Des steaks de colza

Des steaks de colza

 

 

 

Projet de  production de protéines de colza pour l’alimentation humaine à l’horizon 2022.

Avril et DSM vont construire en première mondiale pour un montant de 80 millions d’euros une usine pour produire une protéine issue du colza.

Ce projet du numéro un français de l’huile de table et des œufs s’inscrit dans un phénomène au long cours, qui s’est accéléré ces dernières années: en 30 ans, le nombre de produits contenant des protéines végétales a été multiplié par près de 20, passant de 300 produits en 1989 à plus de 5.400 produits en 2019, selon une étude réalisée chez les principales enseignes de grande distribution pour le compte du groupe d’étude et de promotion des protéines végétales (GEPV).

Parmi les motivations des industriels de l’agroalimentaire, un marché juteux: « le marché des protéines végétales est en pleine expansion. Il s’élevait à 6,9 milliards d’euros en 2013 et pourrait atteindre les 10 milliards cette année », estime Marie-Laure Empinet, présidente du GEPV, citée dans cette étude.

Au premier rang des produits montés en puissance ces dernières années, les « analogues de la viande » ou steaks végétaux représentent 6% des produits recensés dans cette étude. Ce rayon, « en deux ans, a été multiplié par deux en termes de références », selon Hubert Bocquelet, délégué général du GEPV.

Une tendance portée essentiellement par les « flexitariens », soit les consommateurs qui prônent une consommation de viande modérée et représentent aujourd’hui, selon M. Bocquelet, « à peu près un tiers de la population » française, soit « presque 20 fois plus que les végétariens stricts ».

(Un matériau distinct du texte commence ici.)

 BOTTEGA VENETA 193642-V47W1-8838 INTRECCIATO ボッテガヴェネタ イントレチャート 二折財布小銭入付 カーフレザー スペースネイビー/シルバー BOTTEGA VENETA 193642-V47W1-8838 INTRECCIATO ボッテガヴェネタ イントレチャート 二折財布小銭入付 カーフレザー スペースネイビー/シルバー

En attendant, les surfaces de soja (+4%) et de protéagineux +7,8%) seraient en nette hausse cette année, selon les premières projections du ministère de l’Agriculture, qui prévoit également de bons rendements, notamment pour les pois et les féverolles.

La mise en place d’un plan protéines ambitieux, à l’échelle du continent européen, faisait partie des pistes prioritaires du chef de l’Etat lors du dernier Salon de l’agriculture. Emmanuel Macron avait souhaité voir la France réduire sa dépendance aux importations de protéines végétales destinées à nourrir les animaux d’élevage, notamment en provenance des Etats-Unis.

Via ce plan, les producteurs d’oléoprotéagineux ont pour ambition de réduire la dépendance de la France aux importations de 45% à 35% (contre près de 65% à 70% en Europe) dans les cinq prochaines années.